Big East
The Big East Tournament gets underway on Tuesday. Big East

Not only does the Big East stand to possibly lose money in television negotiations due to conference defectors, but could also lose sponsorship deals.

With Pittsburgh, Syracuse, and West Virginia all set to leave the Big East for other conferences, the Big East could lose out on local sponsorship deals and see national deals renegotiated to lower rates.

Adam Chase, an attorney that specializes in sports sponsorship deals for Dow Lohnes PLLC, thinks that sponsors will be much more careful when considering future conference sponsorship deals.

Sponsors will probably be more thoughtful in the deals that they sign, Chase told IBTimes.

Local sponsorship deals could be the first thing that the Big East loses, according to Chase. He detailed how a local Ford dealership in Pittsburgh or Syracuse might have been the Big East's official Ford dealership, but might consider taking the business elsewhere based on the school's departures.

In addition to losing local sponsorship deals, the Big East could also potentially lose some of its major sponsors like American Eagle. Chase said that big, non-geographic sponsors are looking for the eyeballs for their money. That could mean for big sponsors to move to other conferences like the ACC or SEC, or simply reduce their commitment level.

The Big East is hoping to stave off the loss of sponsors and its BCS automatic qualifier status by adding at least six football-playing schools. The Big East has extended invitations to Air Force, Boise State, and Navy as football-only members, while also adding Central Florida, Houston, and SMU as full members.

Commissioner John Marinatto hopes the addition of the six schools will help quell talks of the conference's demise, in addition to helping it in its upcoming television negotiations. Additionally the Big East is potentially opening itself up to a slew of new sponsorship markets.
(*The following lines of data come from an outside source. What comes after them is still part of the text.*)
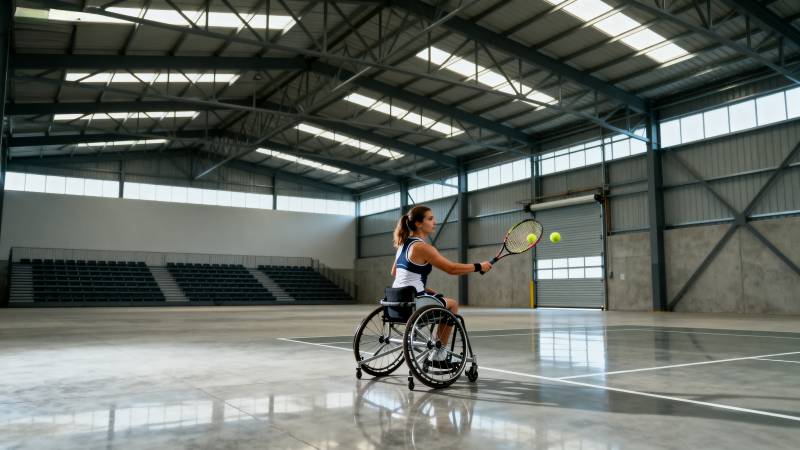 轮椅网球运动员挥拍图片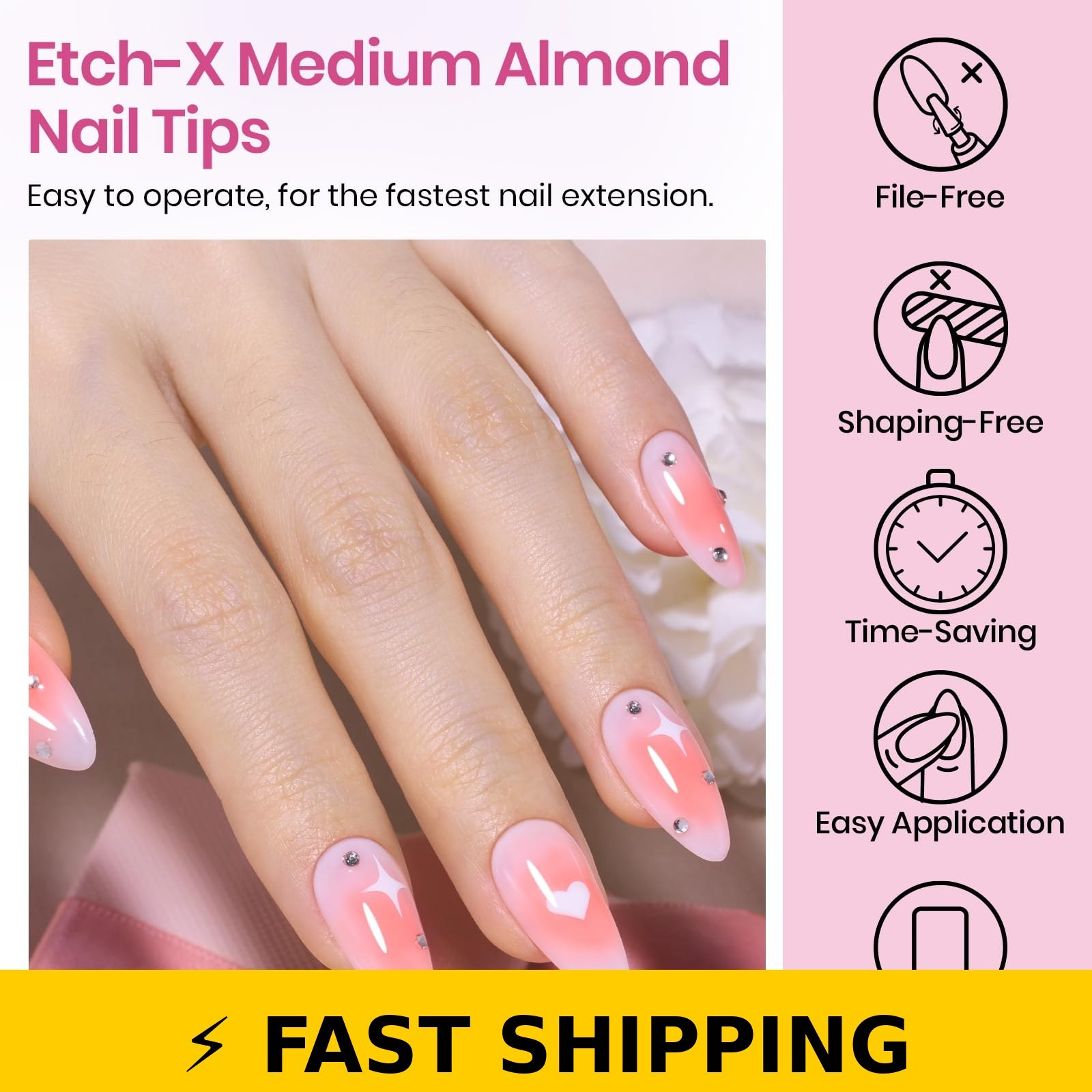 Beetles Medium Almond Nail Tips 576pcs, Pre-Etched Soft Gel Tips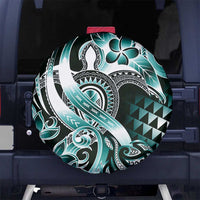 Aloha Turquoise Tribal Honu Tattoo Spare Tire Cover LT9 - Polynesian Pride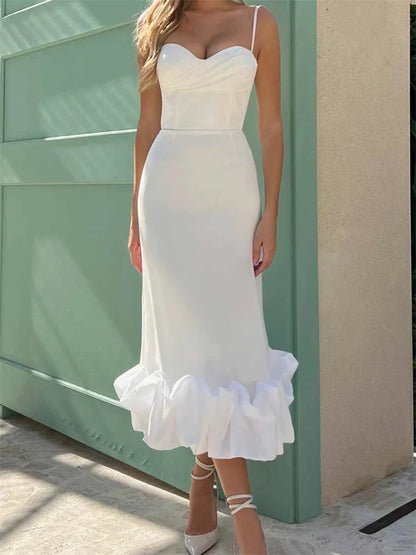 Cocktail Sleeveless Low Cut V-neck Slim Ruched Ruffles Midi Dress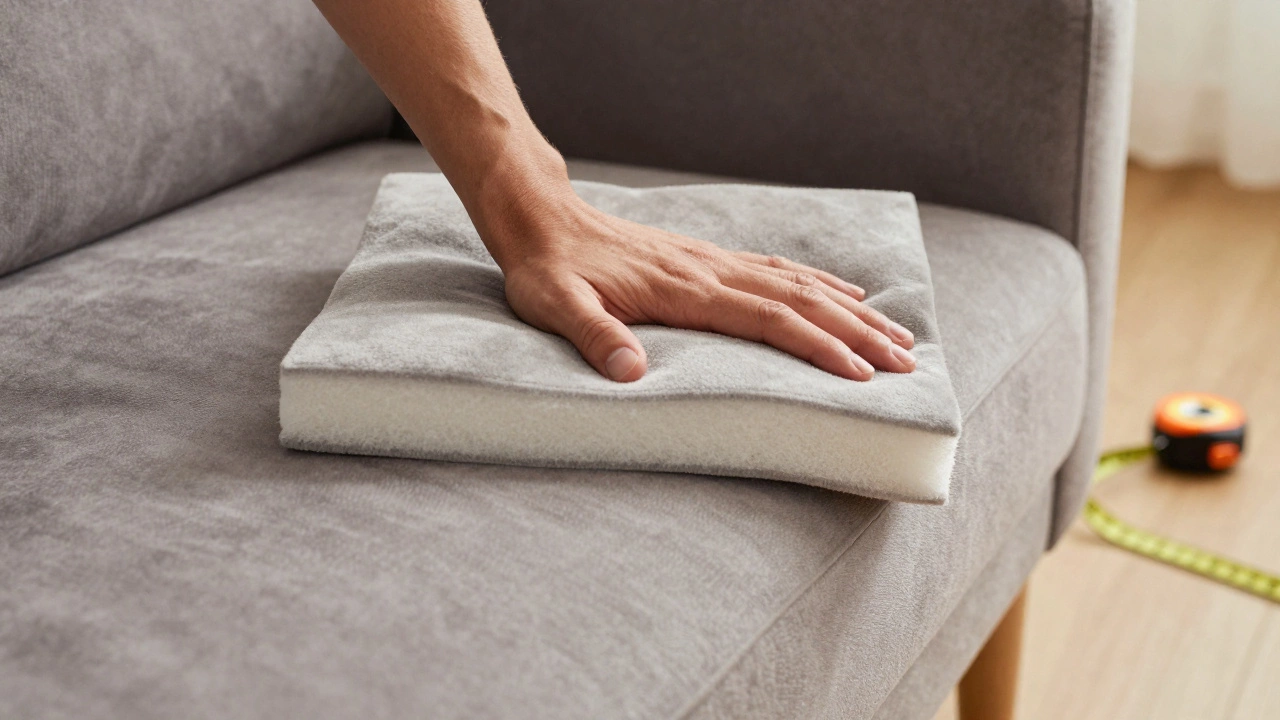Hand testing sofa cushion bounce-back with measuring tape in background.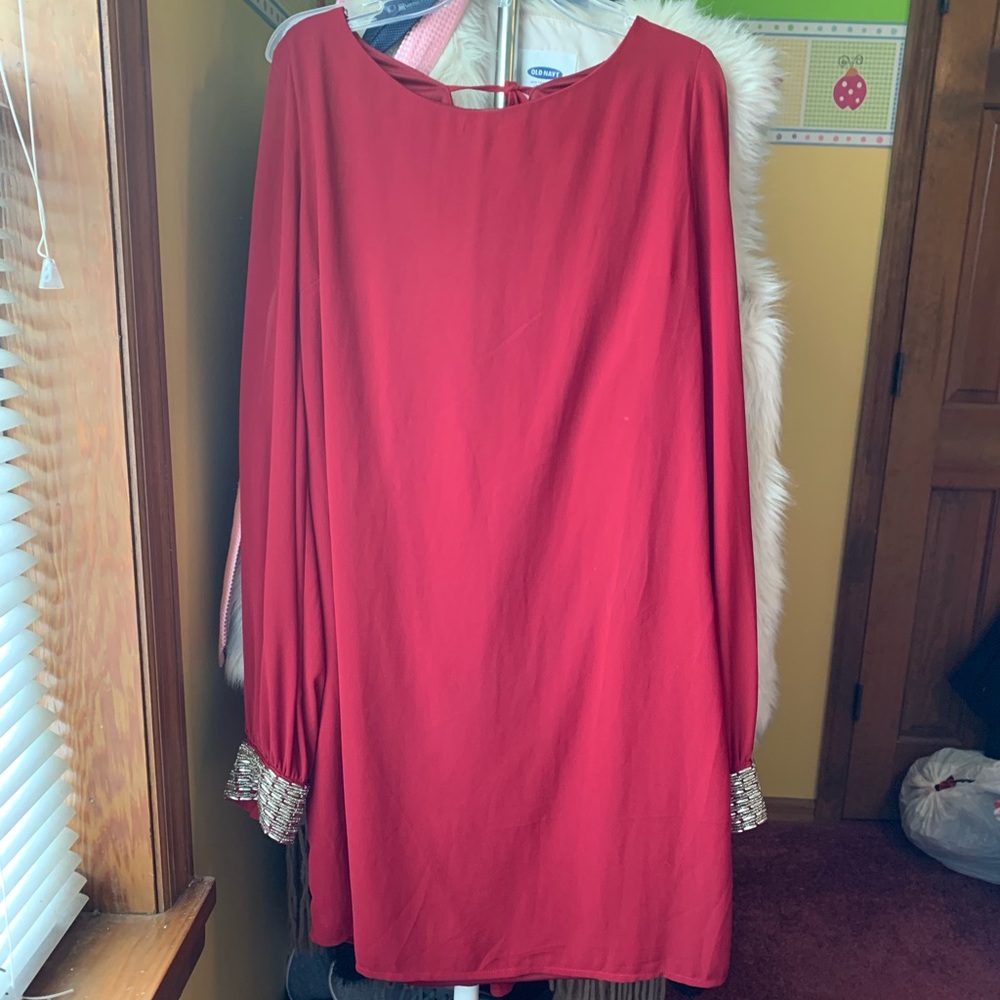 Wine Open Sleeve Dress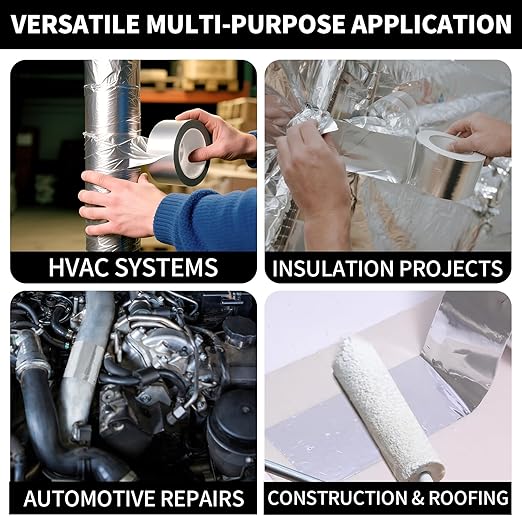 Aluminum Foil Tape Heavy Duty 3 Inch x 22 Yards（3.9 mil）, High Temp Waterproof HVAC Tape, Silver Insulation Adhesive for Ductwork, Sealing, Dryer Vent, Furnace, AC, Pipe Repair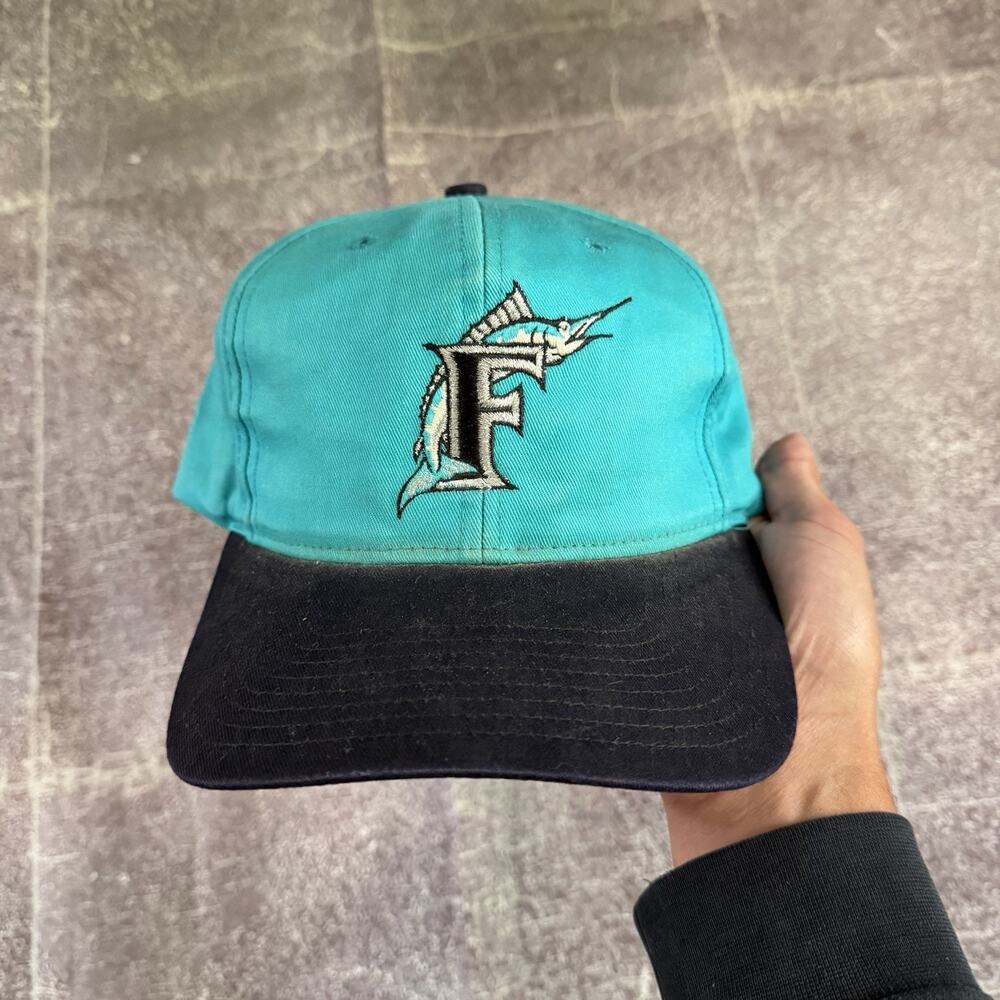 Men's Vintage 90's Twins Florida Marlins Teal Blue Plain Logo Snapback Hat Cap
Air Force, according to Chase, could be particularly lucrative for the conference, despite its location away from any major television market.

Presumably (Air Force) would give them access to a military market they wouldn't have had otherwise, he said. Maybe they can now offer their sponsors more of a national reach.

Could Drop in Basketball Prestige Effect Sponsorship Deals?

The Big East has been known as one of the premier basketball conferences in the country since its inception in 1979. It was a pioneer in showcasing its conference on television with its Big Monday deal with ESPN and basketball drove the bus, according to Chase.

But now the conference stands to lose three of its top basketball programs, while bringing in schools known more for football than basketball prowess. Louisville basketball coach Rick Pitino has constantly pointed this out in his campaign to get Memphis and Temple admitted into the conference -- citing the need to bolster the diluted basketball side of things.

The loss of perceived prestige could mean a loss of sponsorship money, but ultimately depends on the sponsor's intended audiences, according to Chase.

He notes how even extremely well-known basketball schools like Kentucky actually make more money on its football program due to more television and sponsorships for SEC football.

The Big East could conceivably have sponsors interested solely in the conference's basketball prowess, but as long as the Big East Tournament continues to get key billing on ESPN, the sponsors likely won't care much if it experiences a slight dip in success.

Could WVU Lawsuit Help the Big East Maintain its BCS Status?

Last week West Virginia decided to announce its intentions to leave the Big East for the greener Big 12 pastures. Shortly after the initial announcement, West Virginia filed a lawsuit against the Big East so that it can join the Big 12 in 2012 and not have to wait a mandatory 27-month period.

West Virginia cited a denigration of the conference and a lack of action by Marinatto as the causes for the lawsuit.

As the Big East, in less than two months, had denigrated into a non-major football conference whose continued existence is in serious jeopardy, WVU had no choice but to accept the Big XII's offer, West Virginia's lawsuit said.

The Big East has called the claims wholly without merit and said that it will explore all its legal options to protect its interests and to ensure West Virginia lives up to its obligations.

Gabe Feldman, a Tulane professor of law and sports law director, thinks that the Big East has the clear upper hand in dealing with the lawsuit.

It's going to be a difficult argument for the school to make, Feldman, who hadn't reviewed West Virginia's lawsuit, told the IBTimes. I would think that it's difficult to put the blame of conference realignment on one particular conference.

Chase, who also hasn't officially reviewed the case, thinks that leverage could help the Big East maintain its BCS AQ status. He said it wouldn't shock him at all to see the Big East allow for West Virginia to go to the Big 12 in 2012, in return for the Big 12's support in allowing the Big East to keep its status.

An arraignment that allowed West Virginia to leave next year and the Big East to keep its status would likely be a win-win for all involved.

He noted that West Virginia had likely gotten approval from the Big 12 to pursue a lawsuit against the Big East, otherwise it wouldn't be seen as a positive to get marked as a school that sued its own conference.